GSK3β-mediated NRF2 degradation drives Escherichia coli-induced ferroptosis in the bovine endometrium.

The infection of the bovine endometrium by Escherichia coli often results in endometrial injury with lower fertility in the bovine industry. However, what functions does ferroptosis play during endometritis? This is not completely explained. Therefore, this study aimed to elucidate the potential mechanism of ferroptosis during endometrial injury induced by E. coli. The endometrial tissues from sixteen Holstein cows with E. coli infection were harvested for pathological examination and RNA-seq. Primary bovine endometrial epithelial cells (BEECs) were used to establish an E. coli infection model in vitro. The mechanism by which ferroptosis is involved in endometritis was explored by western blot, flow cytometry, and immunofluorescence methods. The results revealed that the injury of endometrial tissues and BEECs induced by E. coli was associated with ferroptosis via Fe(2+) accumulation, increased lipid peroxidation, decreased glutathione concentration, and inhibited expression of solute carrier family 7-member 11, glutathione peroxidase 4, and ferritin heavy chain 1. Ferroptosis inhibition alleviated BEEC damage induced by E. coli.
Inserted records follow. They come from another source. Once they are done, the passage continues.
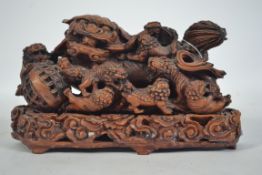 A 20th century Chinese temple dog figurine raised on a socle plinth base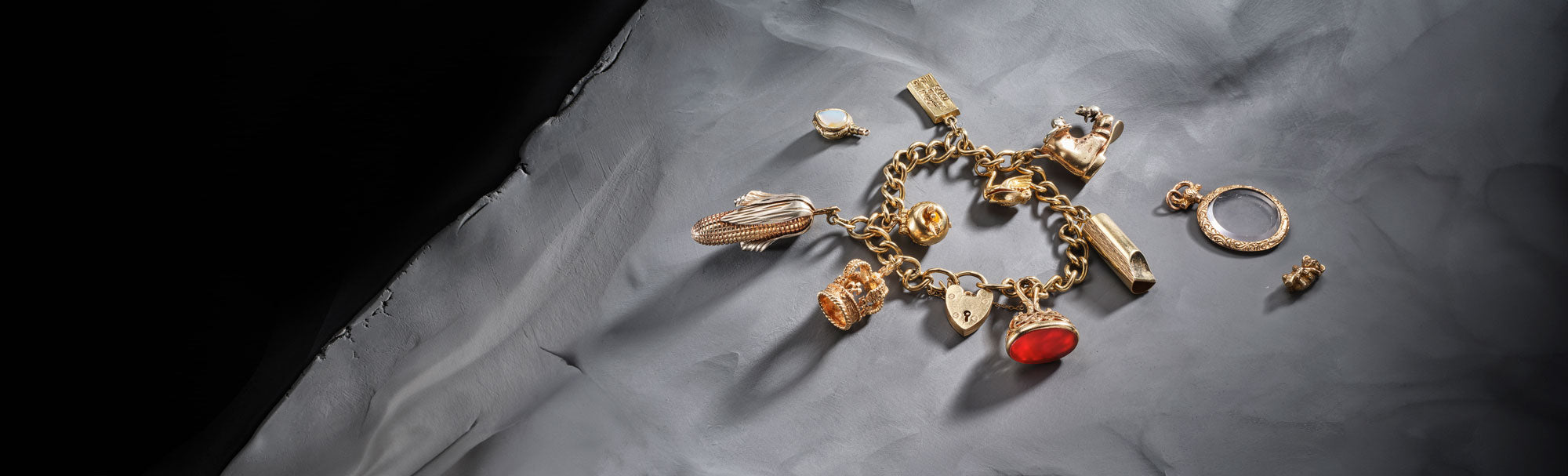 Inherited gold charm bracelet featuring koala, whistle , corn and boot charms.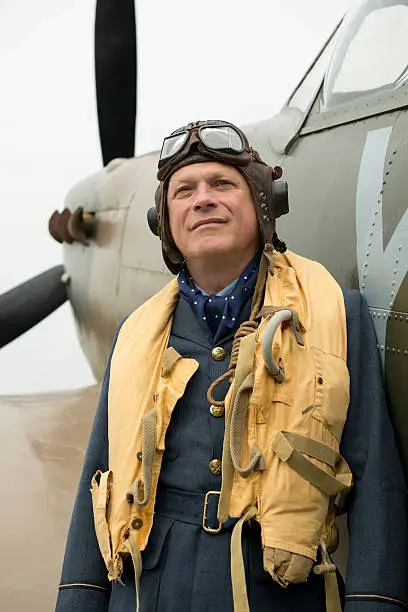 World War Two RAF fighter pilot looking up to the skies whilst leaning against the fuselage of his Spitfire aircraft. The Pilot Officer is wearing the  C-type flying helmet and "Mae West" life jacket.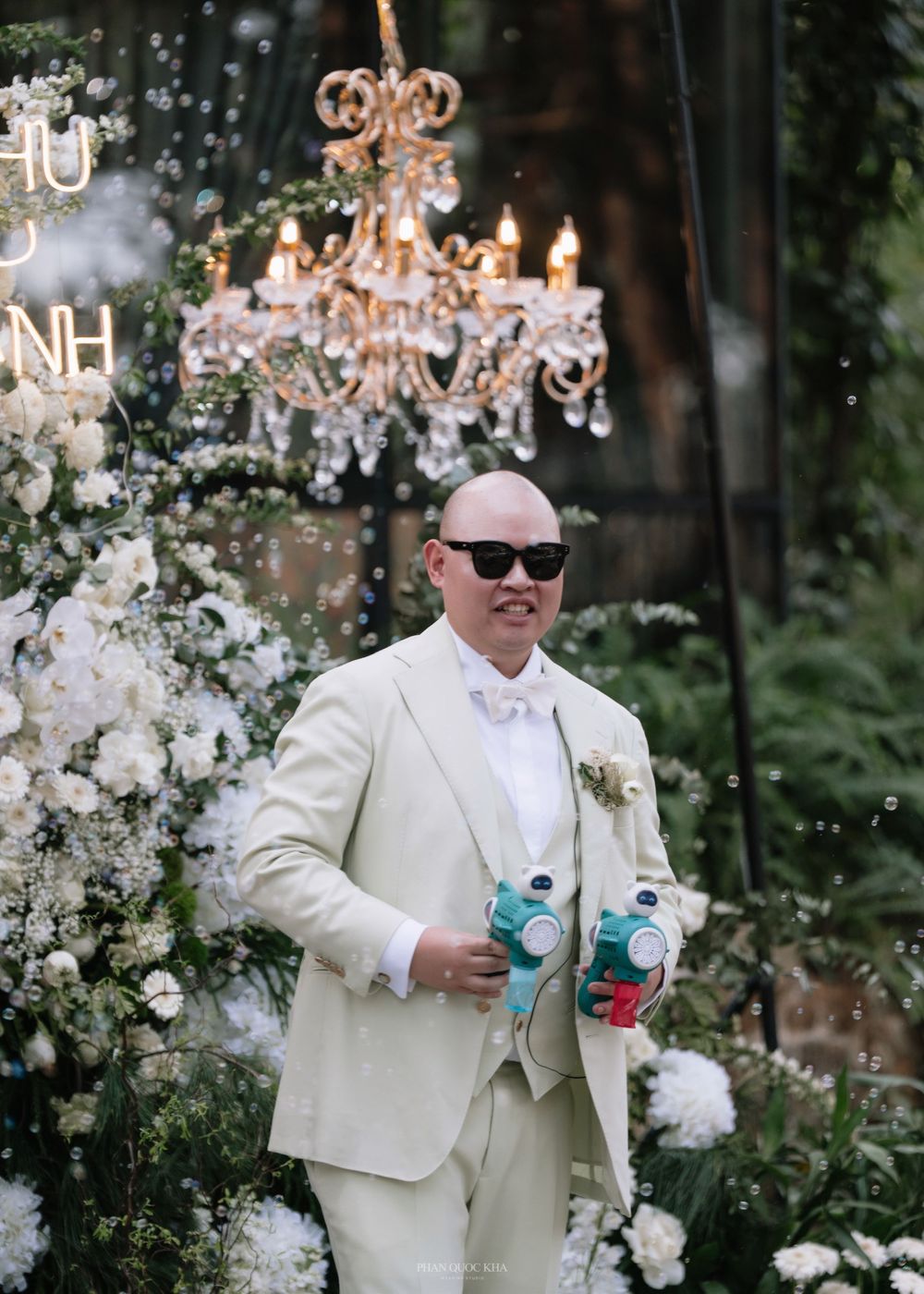 Bald man in cream suit with sunglasses holding bubble guns at a decorated outdoor wedding.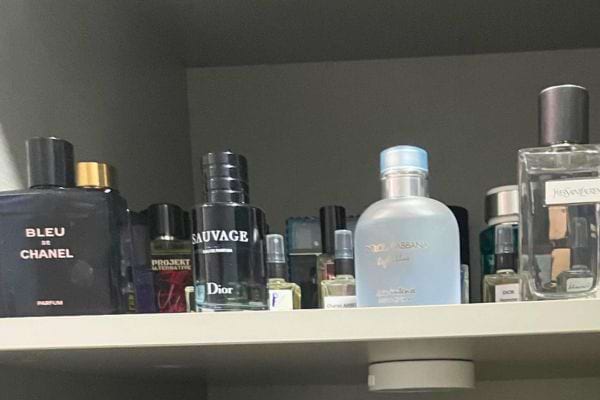 Parfums Dior et Chanel sur une étagère.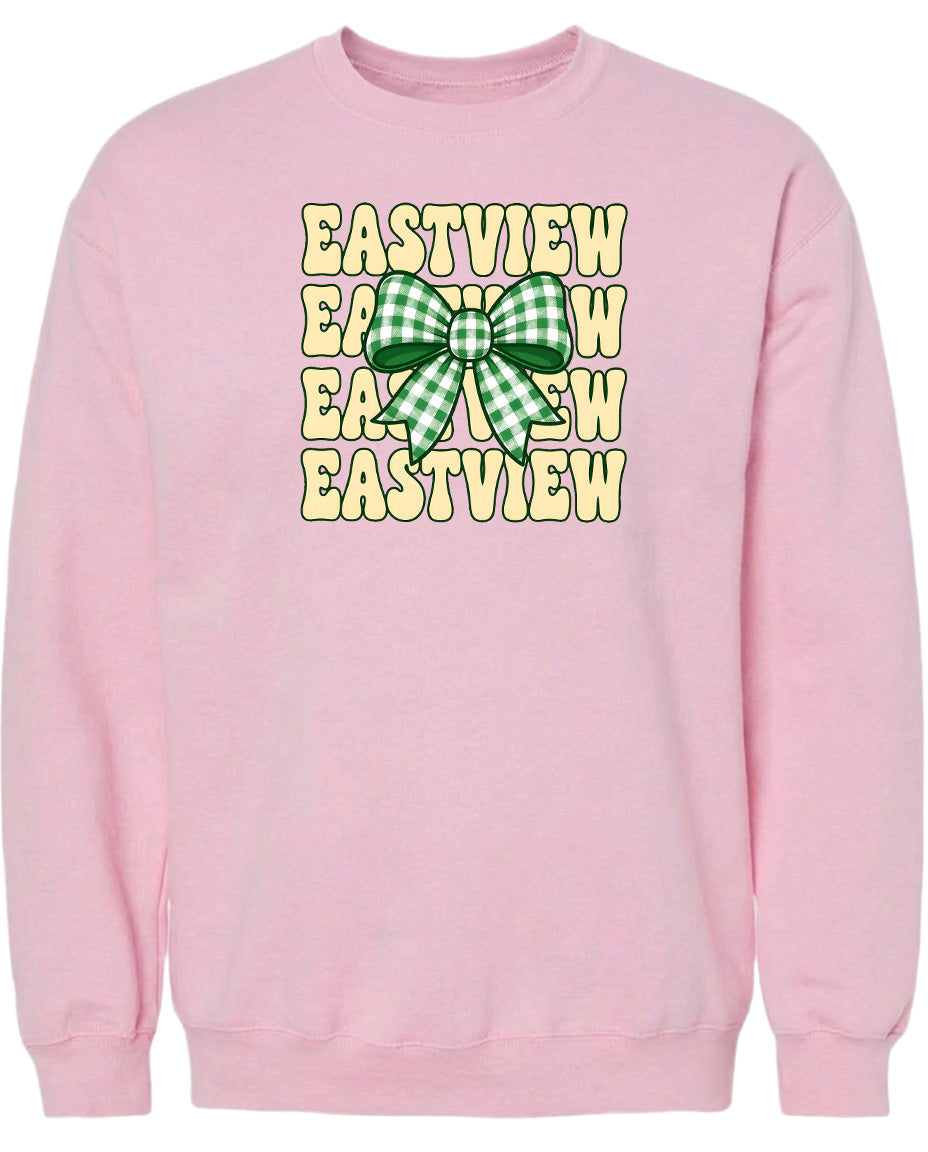 A pink sweatshirt with a graphic design featuring a green and white checkered bow on the front.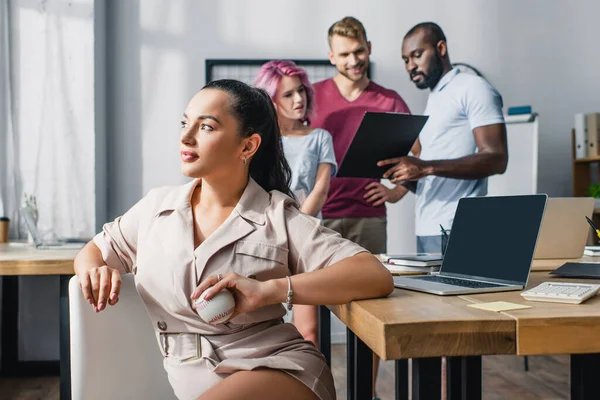 Selective Focus Businesswoman Holding Baseball Ball While Multicultural Colleagues Working — Stock Photo, Image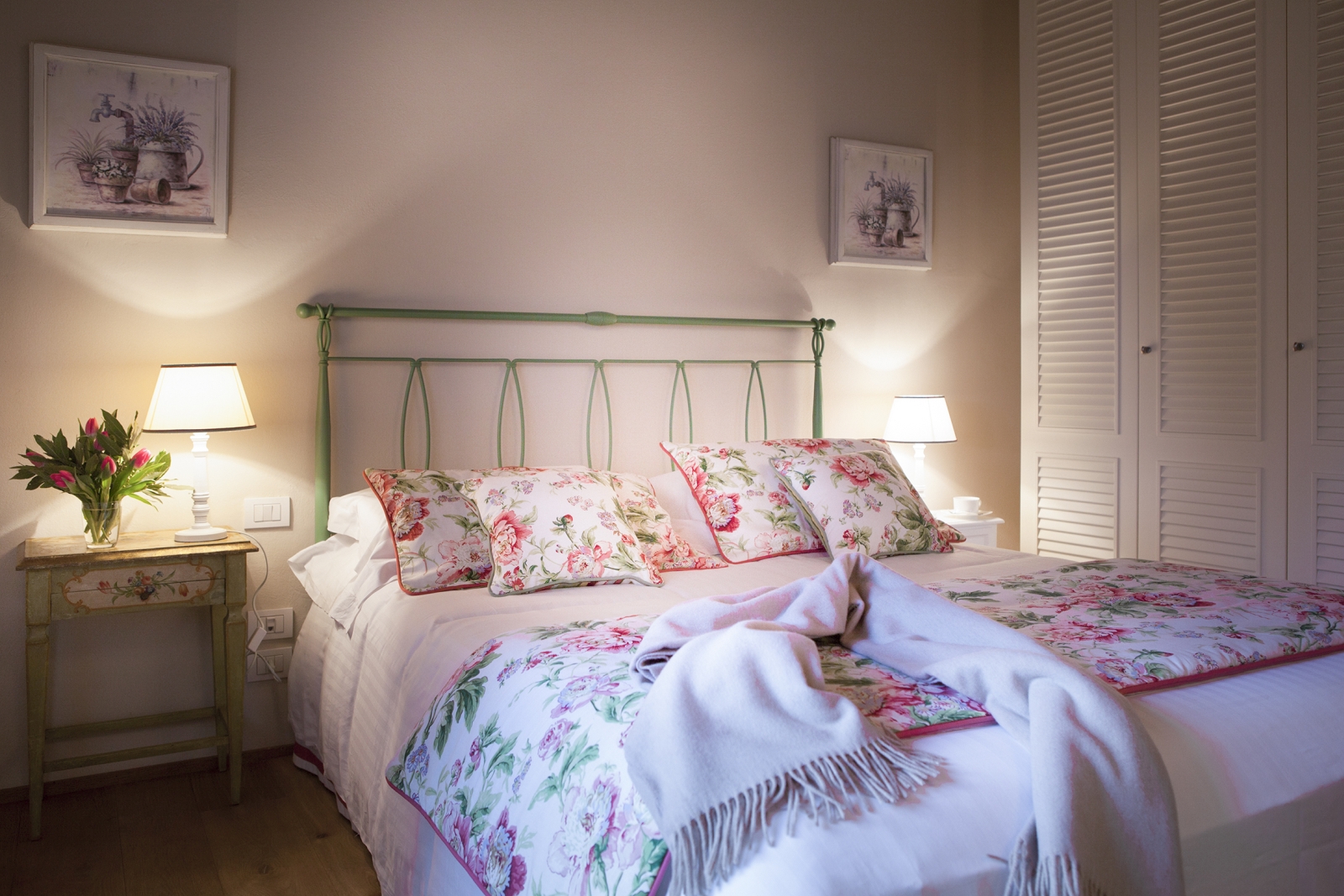 Bedroom with double bed, bedside tables, lamps, flowers, wardrobe and pictures at Villa di Tignano in Tuscany, Italy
Further analysis revealed that the E. coli-induced ferroptosis was associated with impaired nuclear factor erythroid 2-related factor 2 (NRF2) antioxidant defense, which is characterized by mitigated NRF2 degradation and blunted induction of target antioxidant enzymes, such as NAD(P)H quinone oxidoreductase 1. In contrast, promoting the expression of NRF2 mitigated the cellular damage and ferroptosis induced by E. coli. In particular, glycogen synthase kinase (GSK)-3β exhibited sustained expression and hyperactivity in endometrial tissue and BEECs infected with E. coli, which confirmed that the suppression of GSK-3β could significantly inhibit NRF2 degradation and attenuate ferroptosis. This study demonstrated that E. coli can trigger ferroptosis in endometrial tissues and BEECs through GSK-3β-mediated NRF2 degradation. Modulating GSK-3β/NRF2 holds promise as a potential therapeutic strategy for alleviating endometritis induced by E. coli.